**Task directions**
Look through the material below and copy exactly the lines from the line with "between_legs, braid, chair" to the line with "2011 Honda Accord", those two lines included.

**Data to examine**

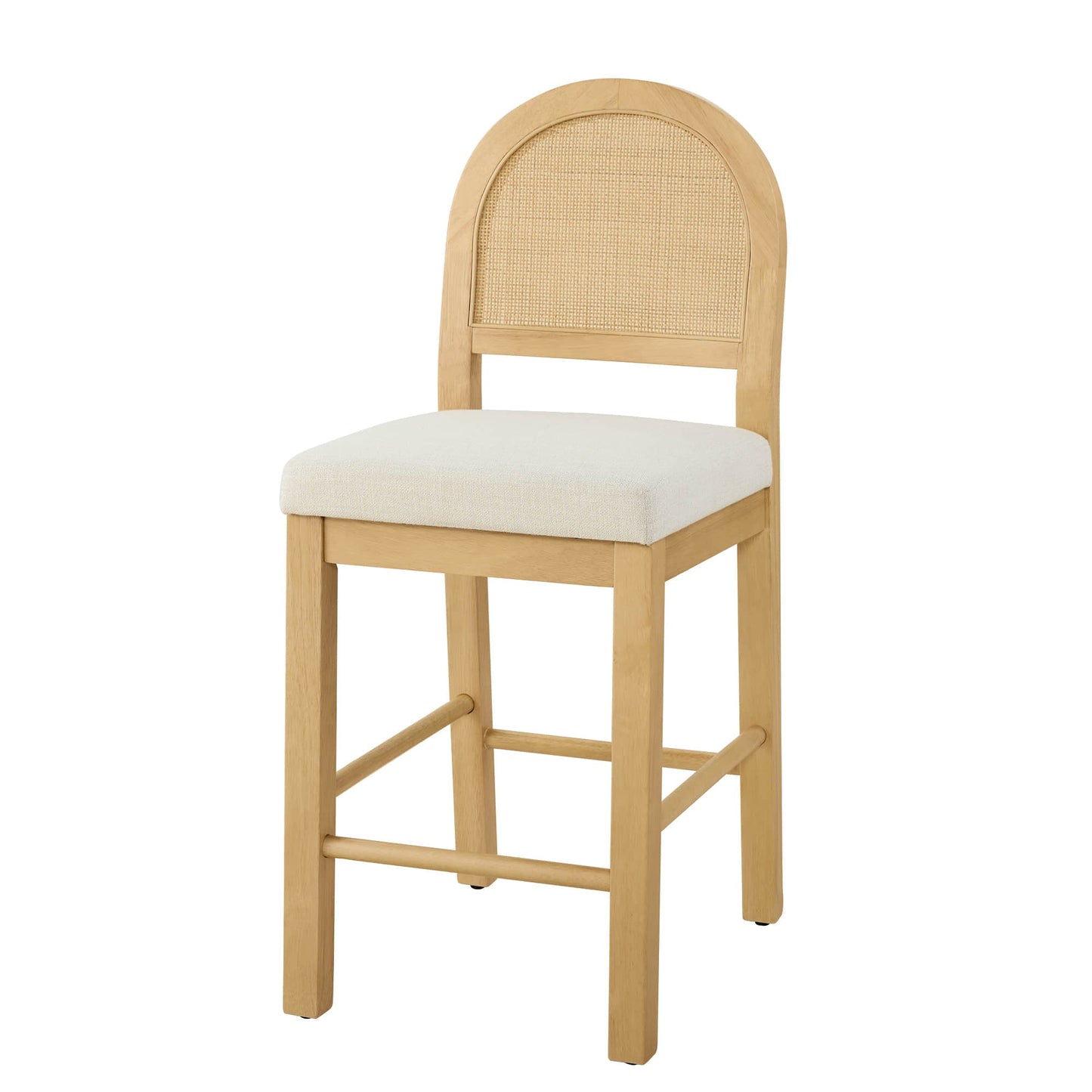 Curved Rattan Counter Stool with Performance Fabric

---

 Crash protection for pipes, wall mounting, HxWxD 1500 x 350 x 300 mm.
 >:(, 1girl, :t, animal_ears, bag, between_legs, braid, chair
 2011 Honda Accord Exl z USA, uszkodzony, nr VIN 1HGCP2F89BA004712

**Response box**
 >:(, 1girl, :t, animal_ears, bag, between_legs, braid, chair
 2011 Honda Accord Exl z USA, uszkodzony, nr VIN 1HGCP2F89BA004712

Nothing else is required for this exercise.